Alterations in Self-Aggregating Neuropeptides in Cerebrospinal Fluid of Patients with Parkinsonian Disorders

Affiliations

Alterations in Self-Aggregating Neuropeptides in Cerebrospinal Fluid of Patients with Parkinsonian Disorders

Shaochun Zhu et al. J Parkinsons Dis. 2022.

Abstract

Background: Parkinson's disease (PD), progressive supranuclear palsy (PSP), and multiple system atrophy (MSA) present with similar movement disorder symptoms but distinct protein aggregates upon pathological examination.

Objective: Discovery and validation of candidate biomarkers in parkinsonian disorders for differential diagnosis of subgroup molecular etiologies.

Methods: Untargeted liquid chromatography (LC)-mass spectrometry (MS) proteomics was used for discovery profiling in cerebral spinal fluid (CSF) followed by LC-MS/MS based multiple reaction monitoring for validation of candidates. We compared clinical variation within the parkinsonian cohort including PD subgroups exhibiting tremor dominance (TD) or postural instability gait disturbance and those with detectable leukocytes in CSF.

Results: We have identified candidate peptide biomarkers and validated related proteins with targeted quantitative multiplexed assays. Dopamine-drug naïve patients at first diagnosis exhibit reduced levels of signaling neuropeptides, chaperones, and processing proteases for packaging of self-aggregating peptides into dense core vesicles. Distinct patterns of biomarkers were detected in the parkinsonian disorders but were not robust enough to offer a differential diagnosis. Different biomarker changes were detected in male and female patients with PD. Subgroup specific candidate biomarkers were identified for TD PD and PD patients with leukocytes detected in CSF.

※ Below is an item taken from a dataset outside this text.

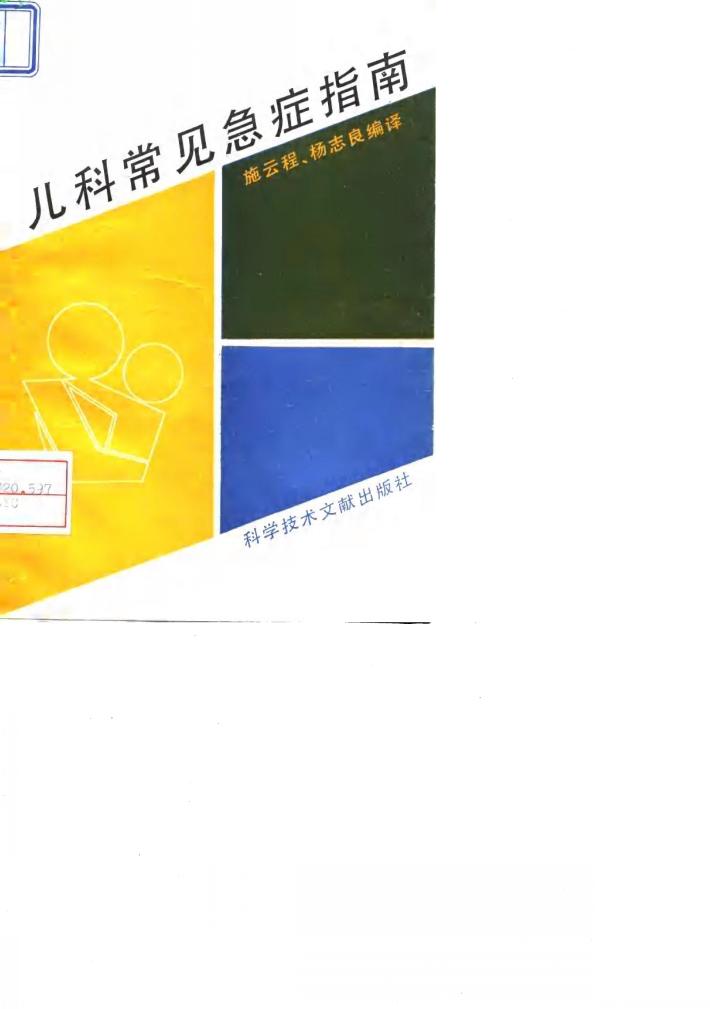 儿科常见急症指南 封面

Conclusion: PD, MSA, and PSP exhibit overlapping as well as distinct protein biomarkers that suggest specific molecular etiologies. This indicates common sensitivity of certain populations of selectively vulnerable neurons in the brain, and distinct therapeutic targets for PD subgroups. Our report validates a decrease in CSF levels of self-aggregating neuropeptides in parkinsonian disorders and supports the role of native amyloidogenic proteins in etiologies of neurodegenerative diseases.

Keywords: Neurodegeneration; biomarkers; cerebrospinal fluid; mass-spectrometry; parkinsonism; proteomics.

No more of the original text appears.